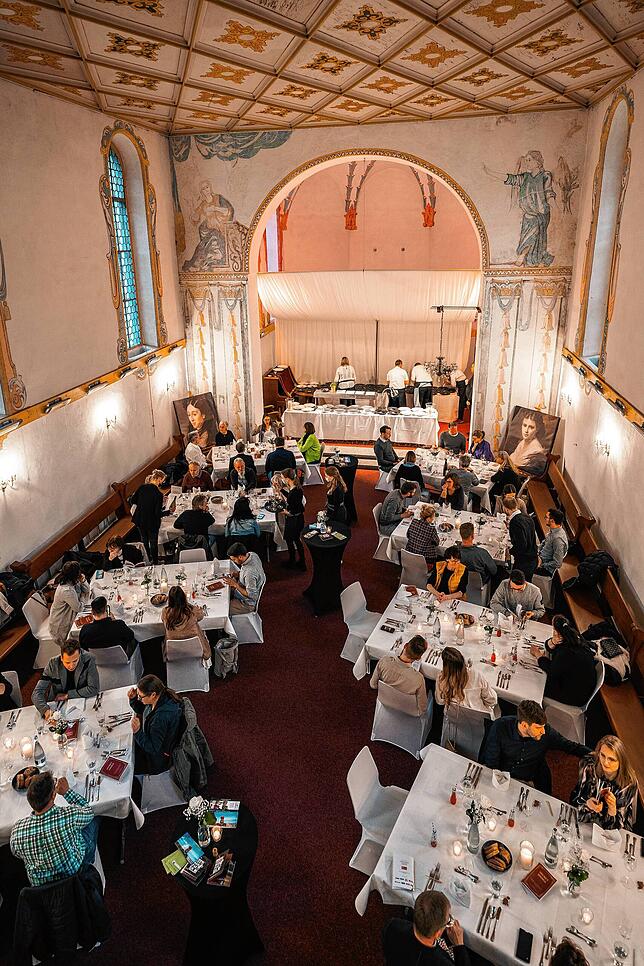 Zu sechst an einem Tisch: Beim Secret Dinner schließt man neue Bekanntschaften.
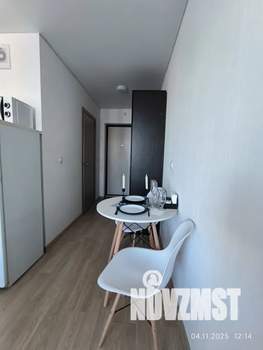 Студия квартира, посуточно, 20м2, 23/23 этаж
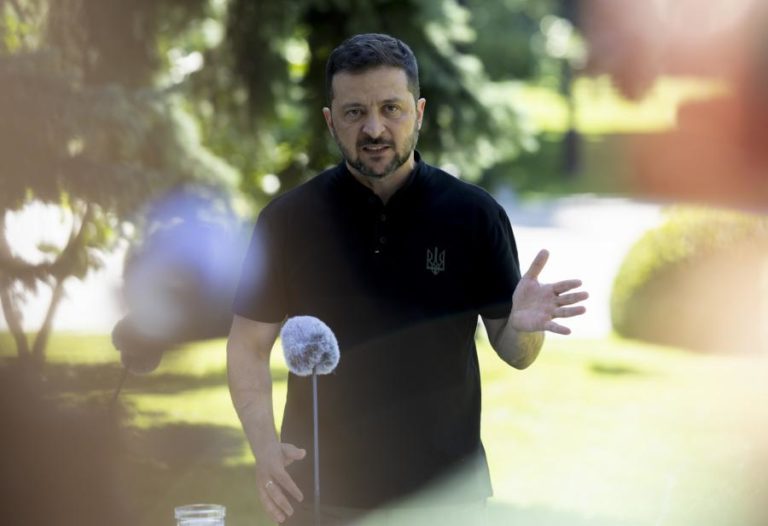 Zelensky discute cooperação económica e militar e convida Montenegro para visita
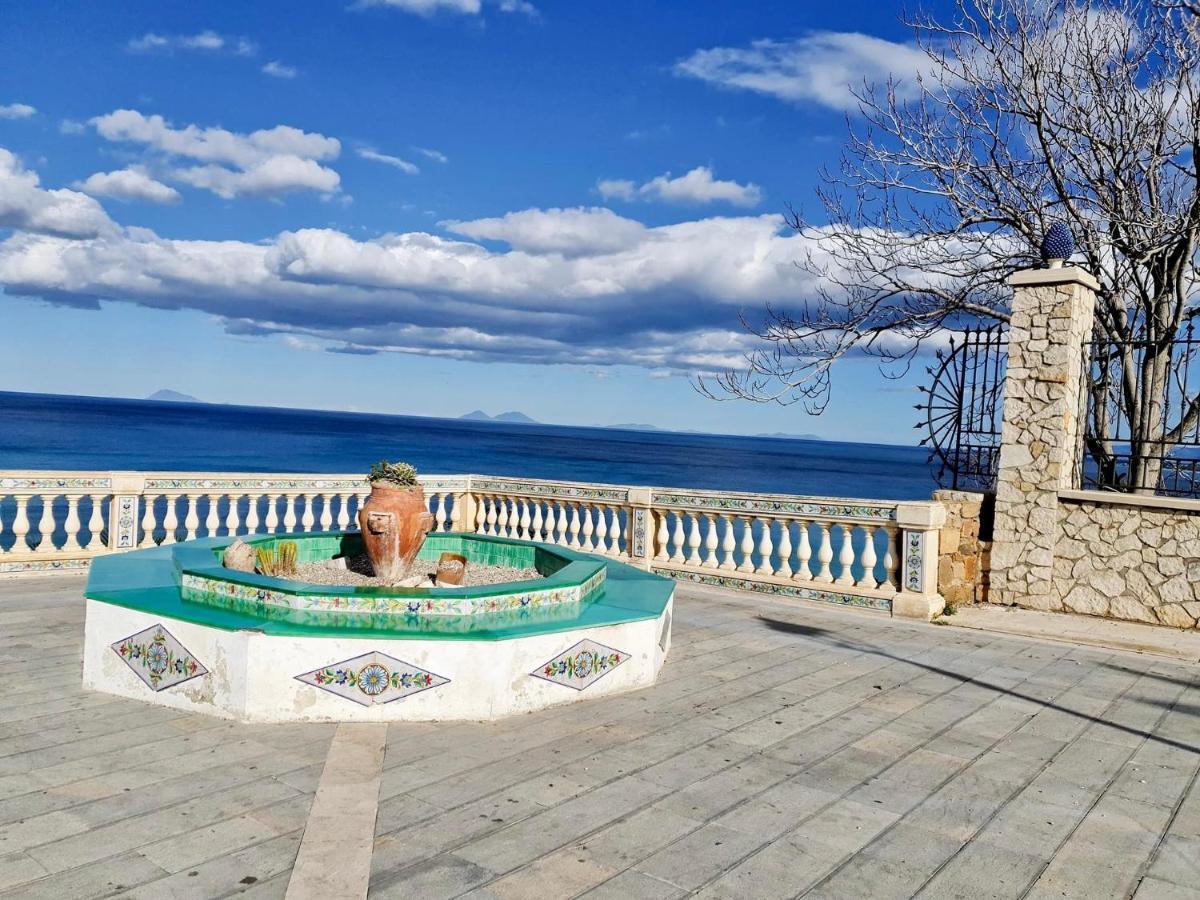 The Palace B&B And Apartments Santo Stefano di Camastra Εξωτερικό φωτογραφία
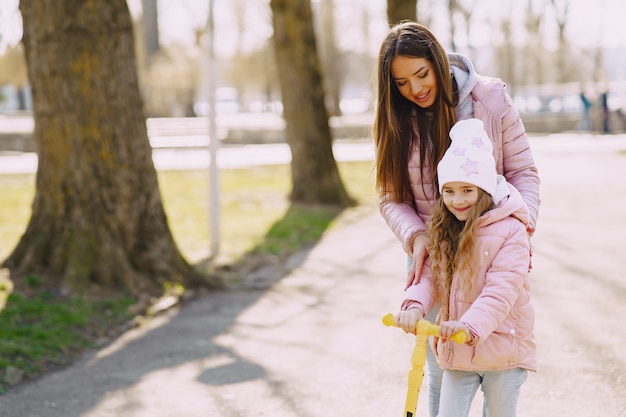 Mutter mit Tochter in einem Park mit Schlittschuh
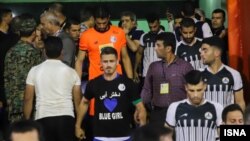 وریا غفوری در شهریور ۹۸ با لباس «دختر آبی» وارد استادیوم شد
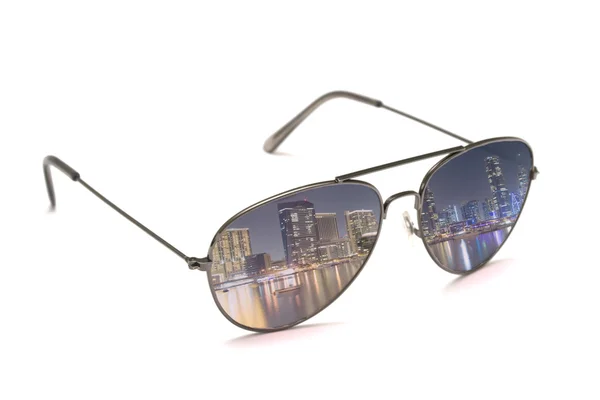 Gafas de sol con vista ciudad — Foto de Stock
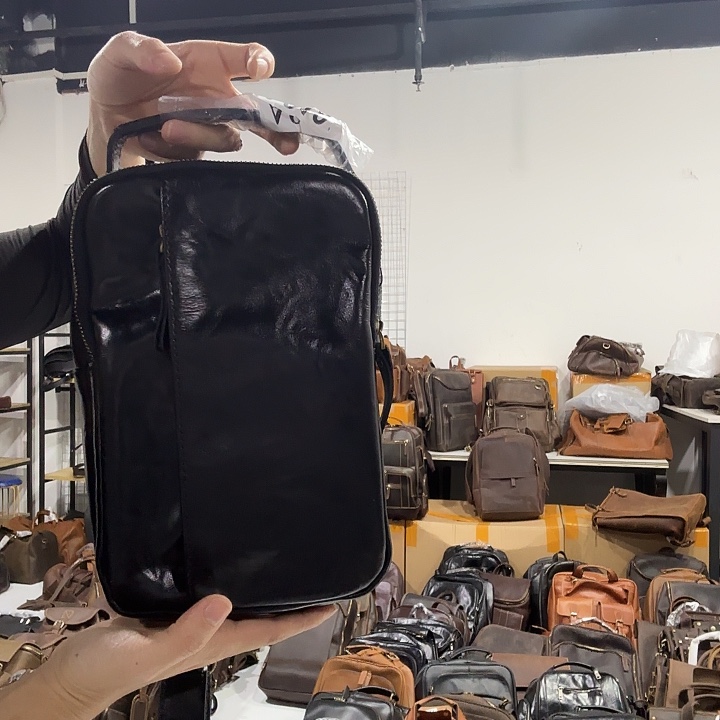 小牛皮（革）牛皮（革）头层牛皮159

- **PROBLEM REQUIREMENTS**:
Give back the whole of the material exactly, with the pictures removed.

- **SOLUTION BELOW**:
 Zu sechst an einem Tisch: Beim Secret Dinner schließt man neue Bekanntschaften.
 Студия квартира, посуточно, 20м2, 23/23 этаж
 Zelensky discute cooperação económica e militar e convida Montenegro para visita
 The Palace B&B And Apartments Santo Stefano di Camastra Εξωτερικό φωτογραφία
 Mutter mit Tochter in einem Park mit Schlittschuh
 وریا غفوری در شهریور ۹۸ با لباس «دختر آبی» وارد استادیوم شد
 Gafas de sol con vista ciudad — Foto de Stock
 小牛皮（革）牛皮（革）头层牛皮159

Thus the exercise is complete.